So now, without further ado, here they are, the best of 2004.



AL Cy Young: Johan Santana



I have more or less argued this one to death. I think it is quite telling however, that Curt Schilling has said that Santana was completely deserving of the award. When you get an endorsement from your nearest competition (who was miles back anyway), the race is over.

2. Curt Schilling
3. Rest of league


AL MVP: Vladimir Guerrero



Vlad "The Impaler" Guerrero managed to almost singlehandedly muscled the Angels into the playoffs. In the last nine games of the season Guerrero drove in 11 RBI's, including two in that critical October 2nd game with the A's. He didn't have a bad season aside from that either, hitting .337 with 126 RBI and 36 HR. Sheffield deserves some consideration, but the protection in the Yankee lineup far exceeds anything the Angels can offer. Without Guerrero the Angels aren't even contenders for the AL West.

2. Johan Santana
What more is there to say? Completely dominant. Gaudy numbers, intimidation factor through the roof, and hasn't lost in around twenty five starts. Without him, the Twins are questionable to win the division. With him, they win it in a walk.

A quick note: After the disgrace of the NL Cy Young in 2003 (when Jason Schmidt was robbed), I and many of my fellow baseball fans felt that relievers needed an award of their own, and that the Cy Young should henceforth only be given to starting pitchers. We will hope that the baseball writers of America follow suit.

AL Relief Pitcher of the Year: Joe Nathan



Although he had an excellent bullpen in fromt of him, Nathan's stellar numbers set him apart from his competition. His ERA is a miniscule 1.62, opponents are hitting Nathan at only .187. Nathan also boasts an outstanding K/9 ratio of 11.07. Nathan became the mainstay of a bullpen which was considered to be questionable at the begining of the season and became a dominant force in the ninth for the Twins.

2. Keith Foulke
If the postseason were included, Foulke would likely take over the first spot from Nathan. He was a horse for Francona and silenced every hitter he was asked to.
3. Mariano Rivera
If the postseason were included, he might be bumped off the list completely.


NL MVP: Barry Bonds



There is no argument. There is no debate. Barry bonds is the textbook definition of MVP. The man redefines greatness every season. The only records he has left to break are Ruth's Aaron's and his own. How about a single season OPS of 1.4217 and an OBP of over .600, the highest totals ever(breaking his own records from 2002)? How about 45 homeruns in 373 AB(it took Beltre 598 AB to hit 48)? Words fall short with this man. 232 walks. 120 intentional. Still led the league in AVG and SLG by huge margins. He defines the success of the Giants, who are a .500 team without him.

2. Beltre
3. Rolen, Edmonds, Pujols (Tie)


NL Cy Young: Randy Johnson



He may not win due to his record, but he deserves it. What Santana has done in the American League, Johnson has mirrored in the NL. The two have posted nearly identical ERA's, Johnson, however, was followed in games by an incompetent bullpen. Johnson's opponent batting average: .197. Johnson also boasts similarly dominant numbers in K/9 (10.62), K/BB (6.44) not to mention his 2.60 ERA and leading the lead in strikeouts. If Johnson loses it will solely be on the basis of his poor record, which is a damned shame.

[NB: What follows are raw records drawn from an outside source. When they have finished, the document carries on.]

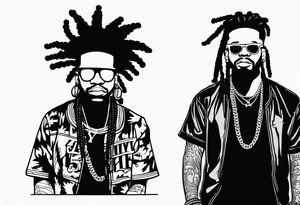 Black Bart Simpson with dreadlocks rapper tattoo idea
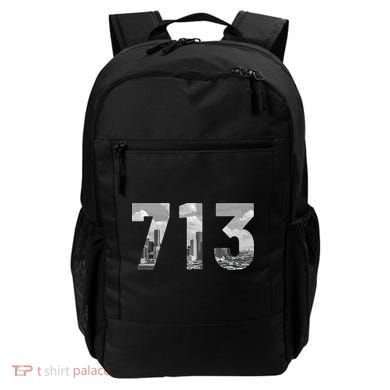 Houston 713 Area Code Skyline Texas Pride Vintage Backpack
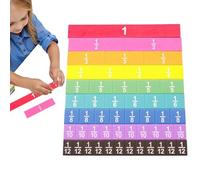 Carreaux d'apprentissage des fractions colorées - Bandes de manipulation mathématiques pour garçons et filles | Matériau en mousse EVA avec bords lisses, aide pédagogique au rapport visuel, outil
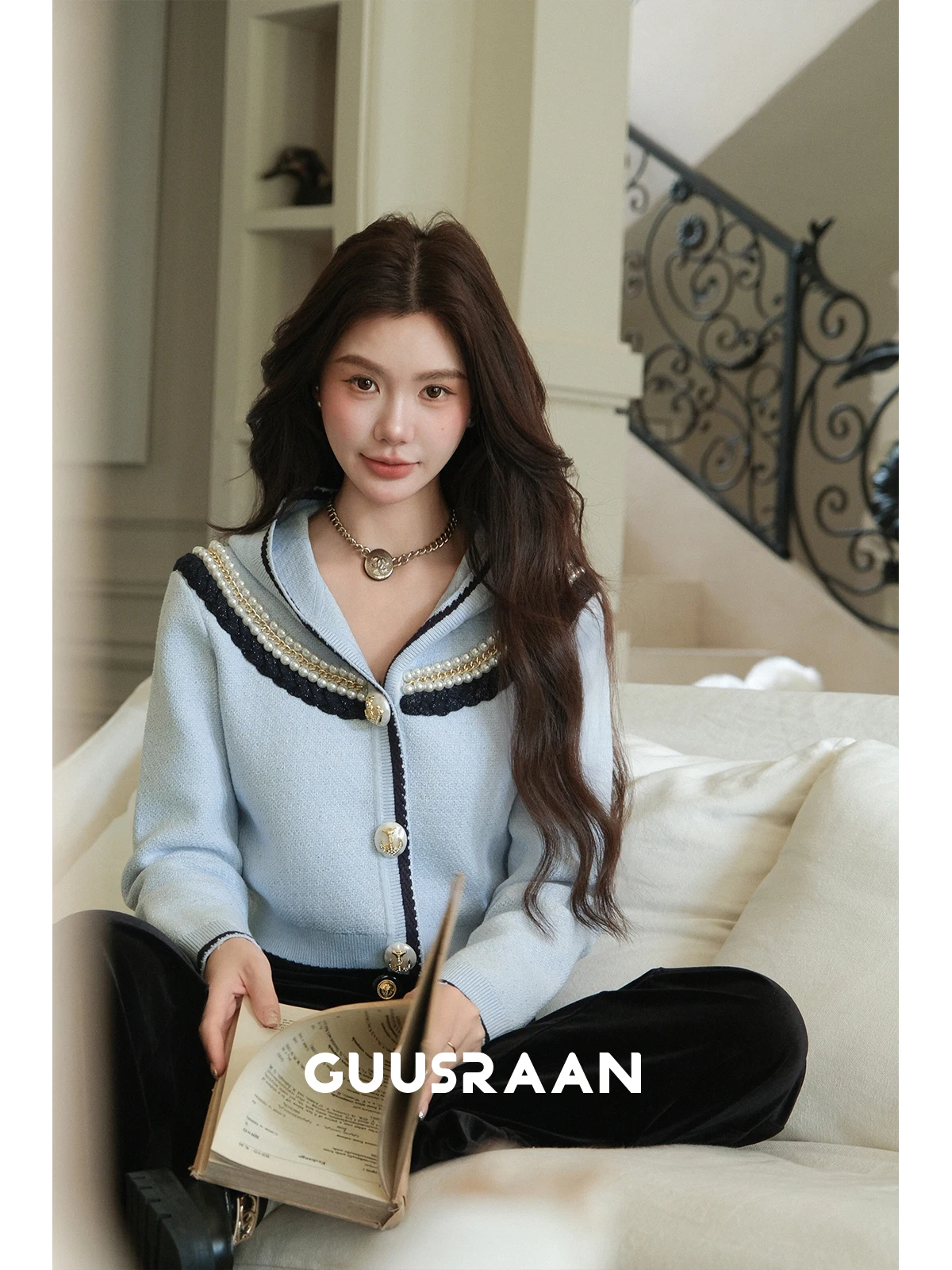 

Госпожа. Женский повседневный кардиган из окрашенной пряжи с двойным плетением для тяжелой промышленности, осенний, с длинными рукавами, укороченный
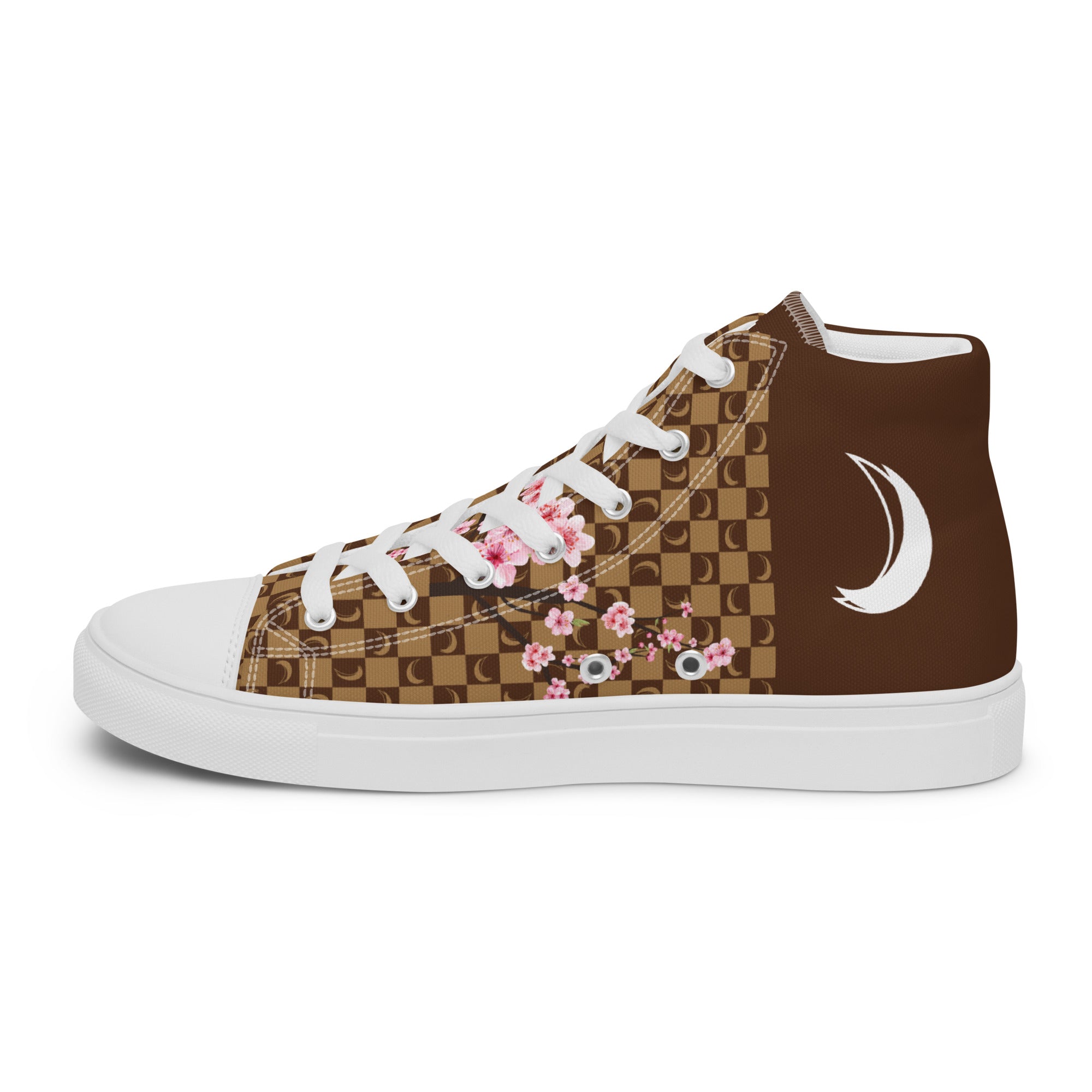 J-MOON Signature Chess Floral Men’s High Top Canvas - Chocolate Cherry Blossom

2. Jason Schmidt and Roger Clemens (tie)
Even with the supposed collapse of Schmidt, his numbers kept up as well as or better than Clemens. If Johnson had not pitched so well, it would have been a tough call.


NL Relief Pitcher of the Year: Eric Gange



Even with minor stumbles this year, Gagne was still head and shoulders above the rest of relievers in the NL. True, his saves streak did come to an end, but no one but him will even come close. OBA was sub-Mendoza at .181 and his ERA was 2.19. Add in a K/9 of 12 plus and the greatest intimidation of any closer in baseball, and Gagne is the clear winner.

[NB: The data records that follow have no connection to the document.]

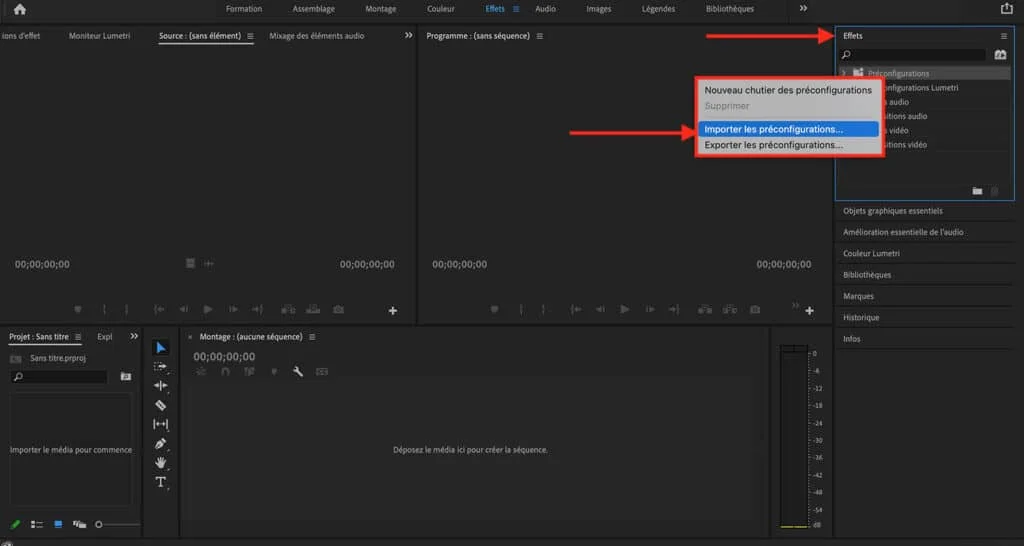 Comment importer une transition Premiere pro free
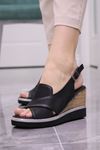 Mammamia - 1430 Siyah Hakiki Deri Dolgu Topuk Kadın Sandalet
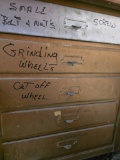 Tool Chest Drawer Contents Including Hardware and Grinding Wheels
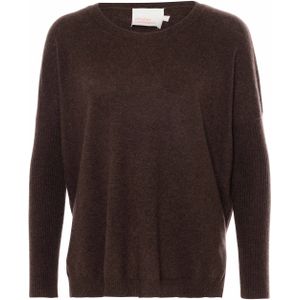 Absolut Cashmere Dames trui bruin (Maat: S) - Effen - Halslijn: Ronde hals,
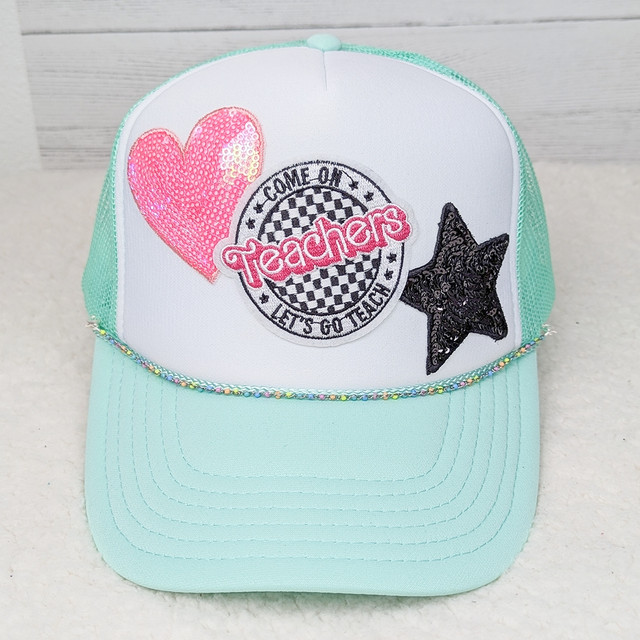 Colorful Dots Hat Chain, embroidered patch details on a white and mint green cap.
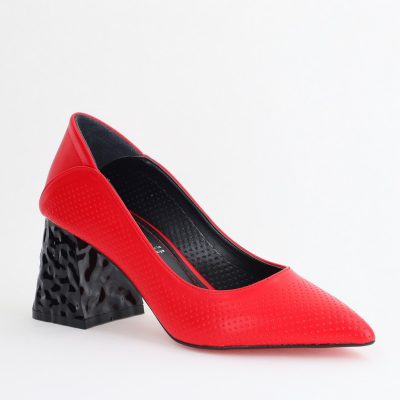Pantofi Dama Toc Piele Ecologica cu perforații Roșu (BS2005D2405366)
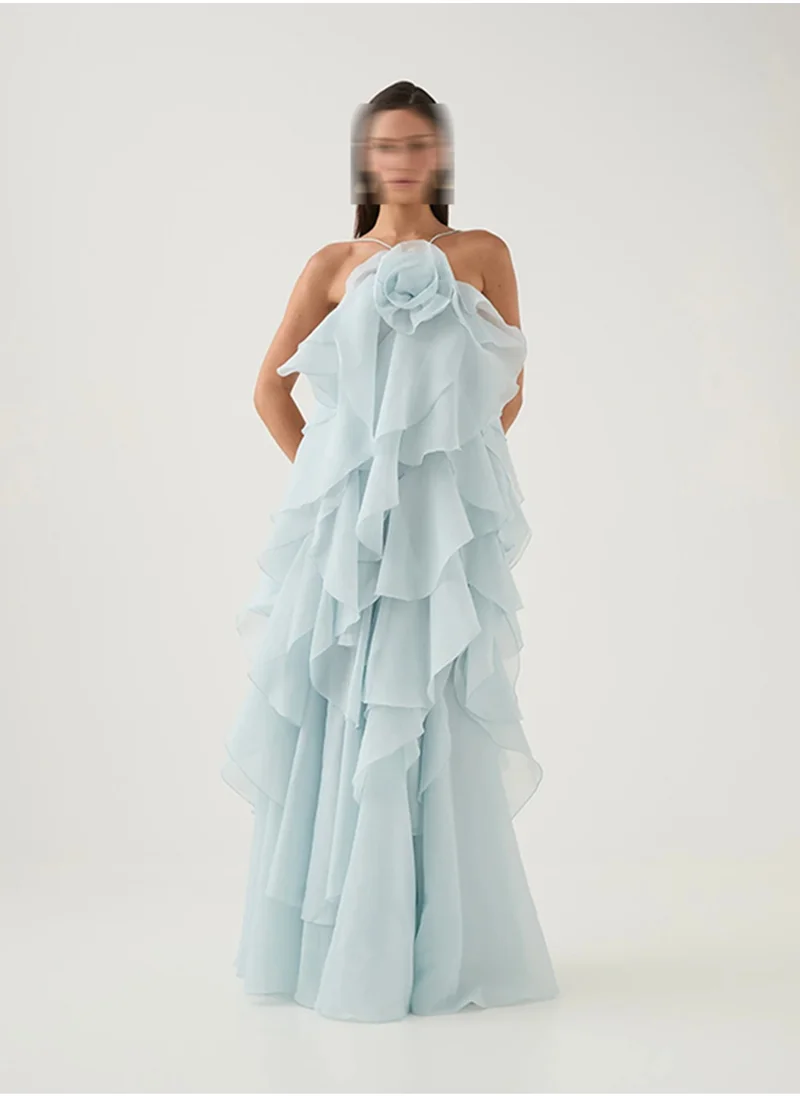 Madam Uniq French Vacation Style Beach Ruffle Hem Sleeveless Strappy Dress - Solid Color Summer Maxi Dress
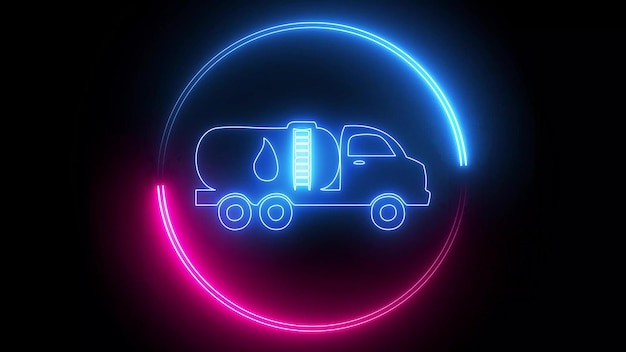 Rosa und blau leuchtende Neonlinie Tankwagen-Symbol isoliert auf schwarzem Hintergrund abstrakter Illustrationshintergrund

2. Brandon Lidge, Billy Wagner (tie)
Both had respectable numbers for the year. Had Wagner not been hurt, and had the Phillies played enough meaningful games, he might have pulled ahead. As it is, there's no real reason to make a distinction between the two. They lost.

There they are, your winners for 2004. Hope you all enjoyed the games. Now, as they've gotten used to saying in Boston for the last nine decades, we'll all have to "Wait until next year." Or at least the winter meetings.